It’s a strange kettle of fish when the latest film from the beloved Shawshank Redemption team of writer-director Frank Darabont and original author Stephen King is left languishing on the shelf for six months, then released against a couple of blockbusters.

Such is the fate of The Mist, a rather anti-summer movie, and not only because of the weather. Reviews in the States last year were scarcely engaged and business was poor. Yet this doomsday horror movie emerges as one of the better surprises of the year, an old fashioned chiller made with real thought and attention. In places it’s as effective as anything Darabont has done.

David Drayton (Thomas Jane, who holds the screen effortlessly here) is with his son at the local supermarket when the fog rolls in, and with it a terrified local, bleeding and yelling how there’s something nasty in the mist.

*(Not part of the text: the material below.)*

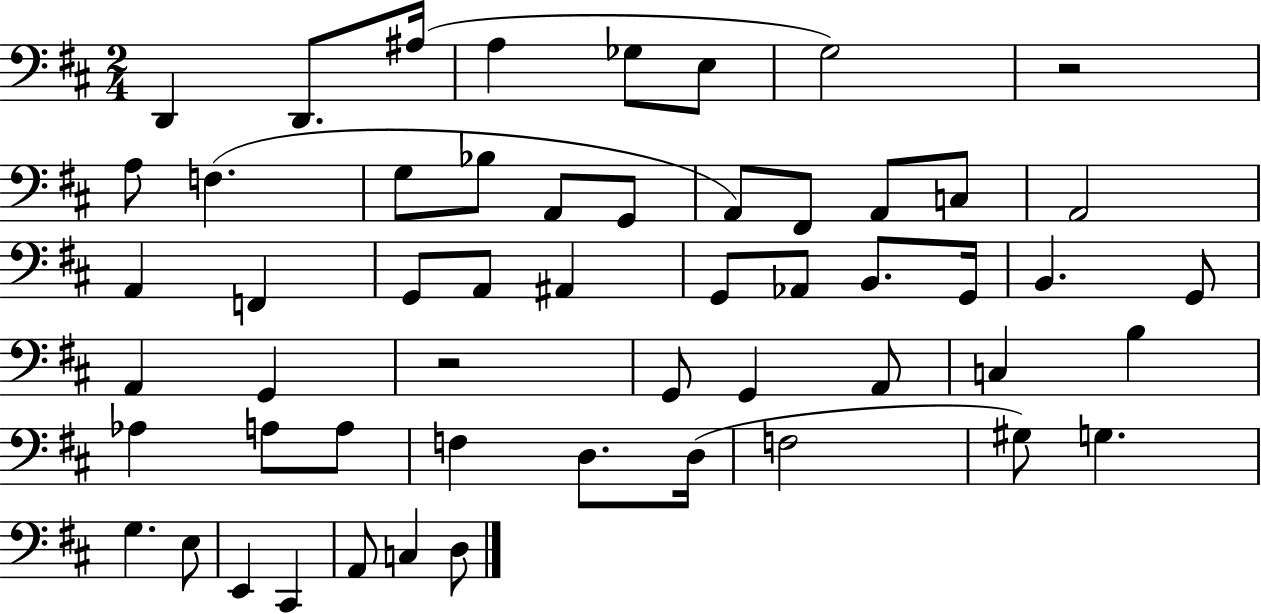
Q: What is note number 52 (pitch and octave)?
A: D3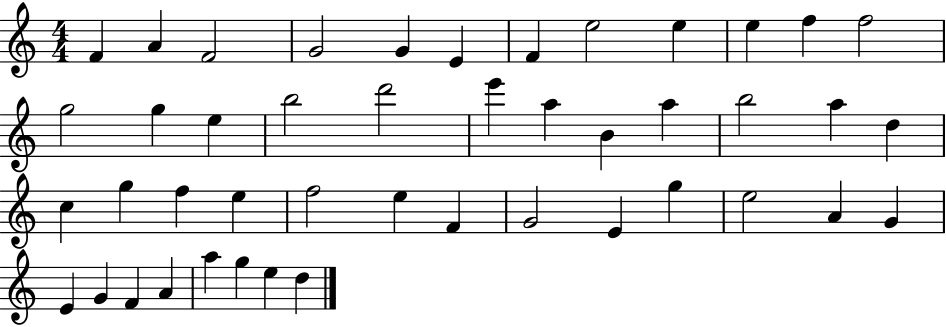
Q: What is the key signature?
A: C major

The market is busy – people are restocking after a big storm – and an alarm cuts through the building like a chill. It sounds like a bomb warning; the sound you might hear in the event of an attack. A man rushes out to his car but no sooner has he been swallowed up by the mist than he lets rip a blood-curdling scream. Nobody’s eager to follow in his footsteps.

As is traditional in this kind of story (see also, The Happening) the phones are dead, so the good people of Castle Rock are on their own. Curiously they’re not much concerned that the mist itself might be toxic – surely the most rationale explanation? It’s only when a giant, grasping tentacle slides into the loading bay that they begin to appreciate the true nature of the threat – and even then, those shoppers who missed the show have a hard time buying it.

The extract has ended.